Every line of the material is to be returned verbatim. Pictures stay out.

» Dataset excerpt:
[Start of Attachment]
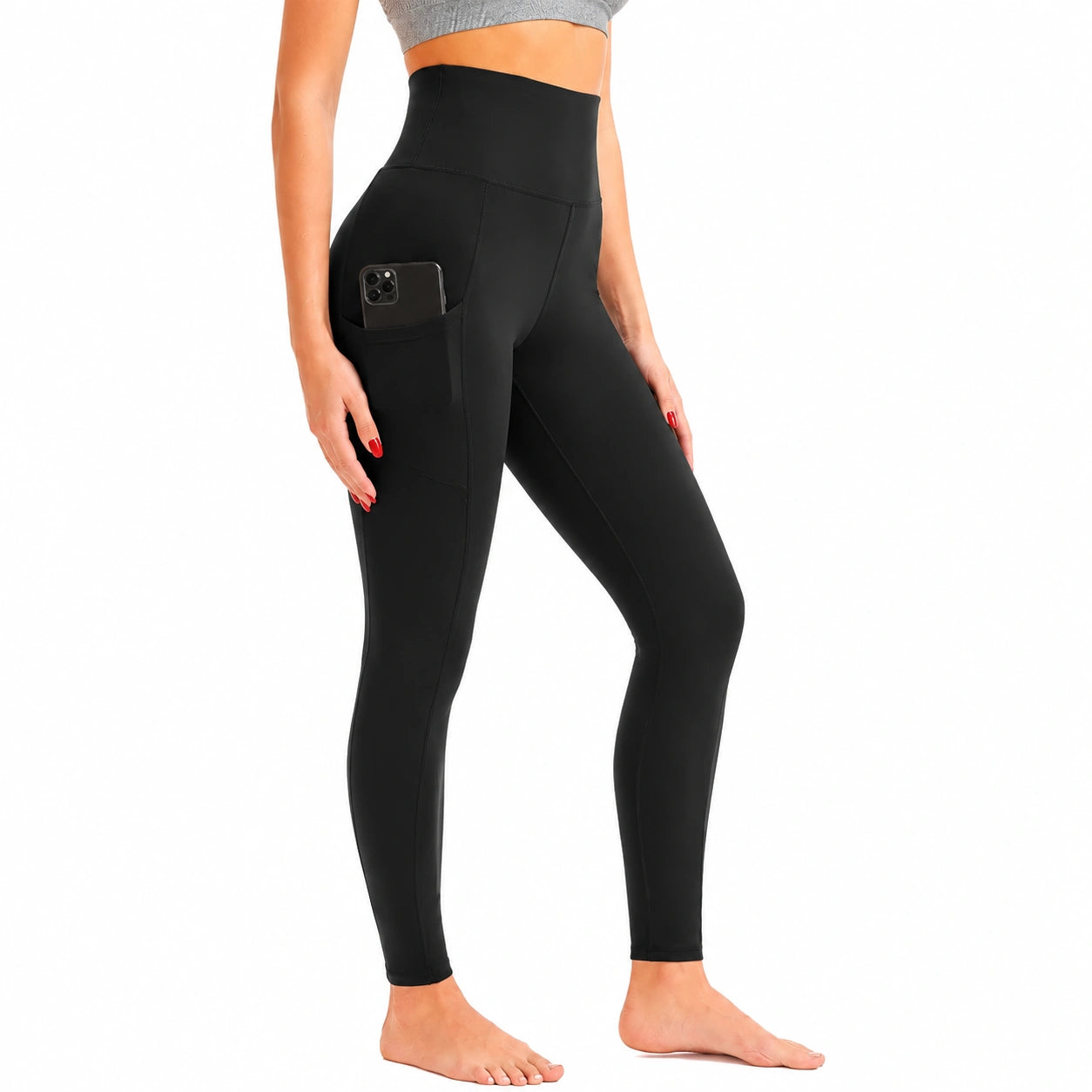 Damen Sportleggings Größe S aus elastischem Kunstfasergewebe Schwarz mit hoher Taille und Seitentasche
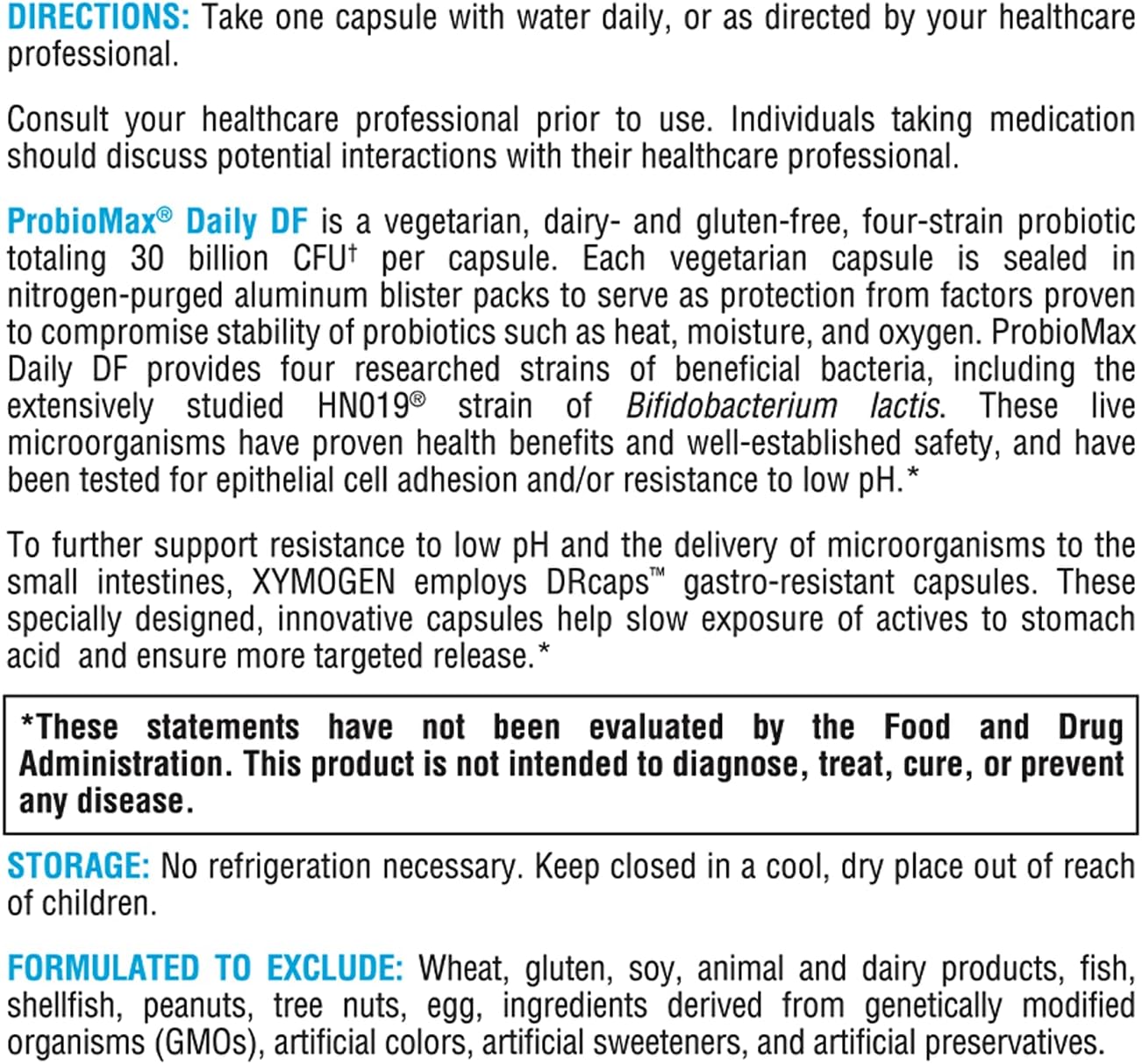 XYMOGEN ProbioMax Daily DF - 30 Billion CFU Probiotic Supplement - Dai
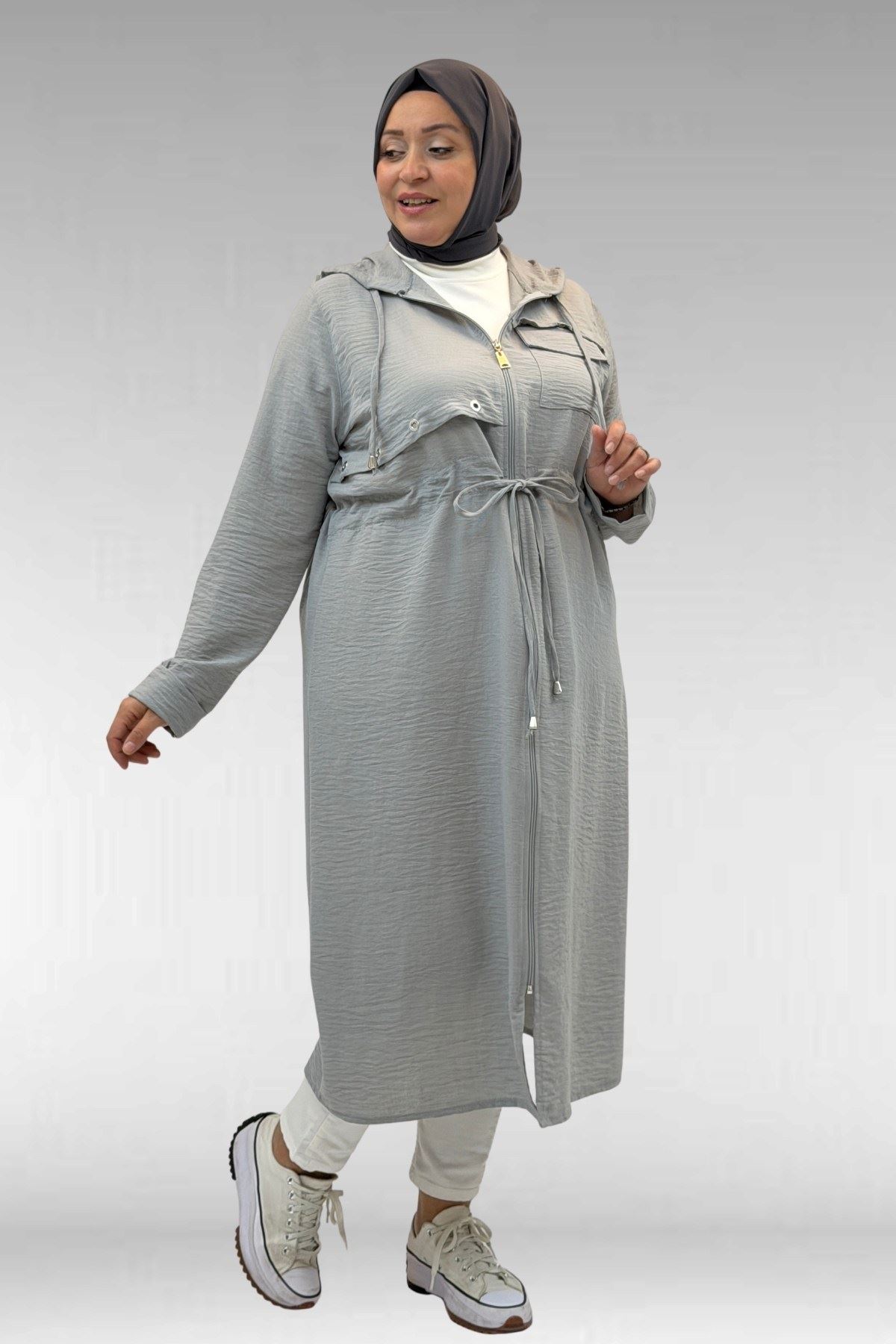 63008 Büyük Beden Kuşgözü Detaylı Keten Kap - Gri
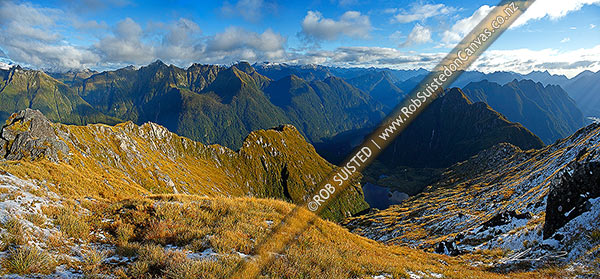 Photo of Looking across the Edith River to Lake Alice (centre) at dusk. George Sound far right. Glaisnock Wilderness Area panorama, Fiordland National Park, Southland, Southland Region, New Zealand (NZ)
[End of Attachment]
» Written reply:
 Damen Sportleggings Größe S aus elastischem Kunstfasergewebe Schwarz mit hoher Taille und Seitentasche
 XYMOGEN ProbioMax Daily DF - 30 Billion CFU Probiotic Supplement - Dai
 63008 Büyük Beden Kuşgözü Detaylı Keten Kap - Gri
 Photo of Looking across the Edith River to Lake Alice (centre) at dusk. George Sound far right. Glaisnock Wilderness Area panorama, Fiordland National Park, Southland, Southland Region, New Zealand (NZ)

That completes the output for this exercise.